Necessary condition: K | (N−1). For each such K, root the tree and at each vertex collect the lengths of "pending" path-stubs from each child subtree. Greedily pair stubs whose lengths sum to K (so they form one complete path through v); each subtree may contribute at most one unpaired stub, which becomes the stub passed up. If at any vertex more than one stub remains unpaired (root: zero must remain), K fails.

Complexity target

O(N log N) per valid K, summed over K | (N−1) is O(N · σ₀(N−1) · log N) — well within 2s.

Reference solution (C++)

#include <bits/stdc++.h>
using namespace std;

int N;
vector<vector<int>> g;
int K_;

// Returns the unmatched stub length passed up to the parent, or -1 if infeasible.
// "Stub length" includes the edge from this node to its parent (added by caller).
int dfs(int u, int par) {
    multiset<int> lens;
    for (int v : g[u]) if (v != par) {
        int s = dfs(v, u);
        if (s < 0) return -1;
        if (s > 0) lens.insert(s + 1); // add the edge (u,v) to the child's stub
    }
    // Pair stubs: for each s in lens, look for (K_ - s) elsewhere.
    int leftover = -1; // length of the at-most-one unmatched stub
    while (!lens.empty()) {
        int x = *lens.begin(); lens.erase(lens.begin());
        if (x > K_) return -1;
        if (x == K_) continue; // completes a path entirely below u
        auto it = lens.find(K_ - x);
        if (it != lens.end()) { lens.erase(it); continue; }
        // x cannot be paired; must become the leftover passed up.
        if (leftover != -1) return -1;
        leftover = x;
    }
    if (u == 0) return (leftover == -1 ? 0 : -1); // root must have nothing
    return (leftover == -1 ? 0 : leftover);
}

int main() {
    ios_base::sync_with_stdio(false);
    cin.tie(nullptr);
    cin >> N;
    g.assign(N, {});
    for (int i = 0; i < N - 1; ++i) {
        int a, b; cin >> a >> b; --a; --b;
        g[a].push_back(b); g[b].push_back(a);
    }
    string out;
    for (int K = 1; K <= N - 1; ++K) {
        if ((N - 1) % K) { out += '0'; continue; }
        K_ = K;
        out += (dfs(0, -1) == 0 ? '1' : '0');
    }
    cout << out << "\n";
}

Pitfalls

• Recursion depth. N = 10⁵ can blow the default stack — submit with increased stack or convert to iterative.
• Stub length includes the parent edge. When a child returns s, the stub presented at u is s + 1 (the edge from u to that child).
• Root has no parent edge. So no leftover allowed at root.
• K = N − 1 is just "is the tree a single path" — sanity-check your code on a path graph.

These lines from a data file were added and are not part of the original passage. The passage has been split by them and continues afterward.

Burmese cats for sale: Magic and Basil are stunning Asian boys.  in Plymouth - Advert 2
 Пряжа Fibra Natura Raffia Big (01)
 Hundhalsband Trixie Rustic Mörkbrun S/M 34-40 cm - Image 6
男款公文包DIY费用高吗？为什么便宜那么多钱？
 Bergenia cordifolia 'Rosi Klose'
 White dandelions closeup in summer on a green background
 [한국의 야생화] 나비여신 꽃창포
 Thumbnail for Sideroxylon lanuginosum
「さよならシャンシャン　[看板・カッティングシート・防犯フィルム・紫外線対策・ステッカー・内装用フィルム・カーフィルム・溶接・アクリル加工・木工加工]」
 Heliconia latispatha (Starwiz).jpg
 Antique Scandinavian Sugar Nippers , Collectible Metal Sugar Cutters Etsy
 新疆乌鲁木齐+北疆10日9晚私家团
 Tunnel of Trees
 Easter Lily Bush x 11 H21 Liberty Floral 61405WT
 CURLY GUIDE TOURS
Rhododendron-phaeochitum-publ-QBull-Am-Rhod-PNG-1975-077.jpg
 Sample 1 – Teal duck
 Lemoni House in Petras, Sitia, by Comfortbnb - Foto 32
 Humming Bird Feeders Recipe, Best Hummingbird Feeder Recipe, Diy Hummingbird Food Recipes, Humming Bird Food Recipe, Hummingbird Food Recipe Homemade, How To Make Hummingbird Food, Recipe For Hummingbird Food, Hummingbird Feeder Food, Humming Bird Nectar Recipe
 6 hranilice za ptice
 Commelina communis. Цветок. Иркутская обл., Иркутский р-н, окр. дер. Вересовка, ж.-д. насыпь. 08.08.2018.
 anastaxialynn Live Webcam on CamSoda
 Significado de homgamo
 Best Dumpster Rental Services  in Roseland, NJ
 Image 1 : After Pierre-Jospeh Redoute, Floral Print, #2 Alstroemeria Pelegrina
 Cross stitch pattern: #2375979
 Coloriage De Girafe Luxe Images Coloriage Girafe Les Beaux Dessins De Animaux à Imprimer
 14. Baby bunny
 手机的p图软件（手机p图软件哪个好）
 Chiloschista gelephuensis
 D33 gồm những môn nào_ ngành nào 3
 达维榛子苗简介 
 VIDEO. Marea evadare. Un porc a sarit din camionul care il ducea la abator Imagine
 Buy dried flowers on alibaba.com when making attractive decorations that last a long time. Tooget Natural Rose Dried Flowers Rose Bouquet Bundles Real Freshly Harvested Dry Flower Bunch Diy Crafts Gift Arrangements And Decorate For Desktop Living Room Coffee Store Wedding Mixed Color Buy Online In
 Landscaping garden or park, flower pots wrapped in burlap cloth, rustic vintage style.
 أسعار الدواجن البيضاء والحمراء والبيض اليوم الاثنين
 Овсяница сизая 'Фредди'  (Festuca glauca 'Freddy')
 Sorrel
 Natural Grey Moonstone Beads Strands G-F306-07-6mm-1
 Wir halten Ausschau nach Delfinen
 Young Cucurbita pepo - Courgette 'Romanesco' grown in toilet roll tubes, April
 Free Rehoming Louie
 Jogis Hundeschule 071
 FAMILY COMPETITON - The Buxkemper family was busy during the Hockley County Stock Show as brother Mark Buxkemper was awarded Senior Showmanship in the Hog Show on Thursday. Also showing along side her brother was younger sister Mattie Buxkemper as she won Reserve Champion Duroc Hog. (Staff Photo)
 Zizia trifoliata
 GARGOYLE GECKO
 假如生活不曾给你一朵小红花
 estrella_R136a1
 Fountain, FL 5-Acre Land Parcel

What Gold February 2020 was actually testing

• P1 — DAG longest path. Recognize event-difference constraints as a weighted DAG, then topo-relax.
• P2 — contribution counting. Don't enumerate subsets; for each "new component" event count how many subsets it appears in.
• P3 — tree DP with greedy pairing. At each node, multiset-pair child stubs that sum to K; at most one survives upward.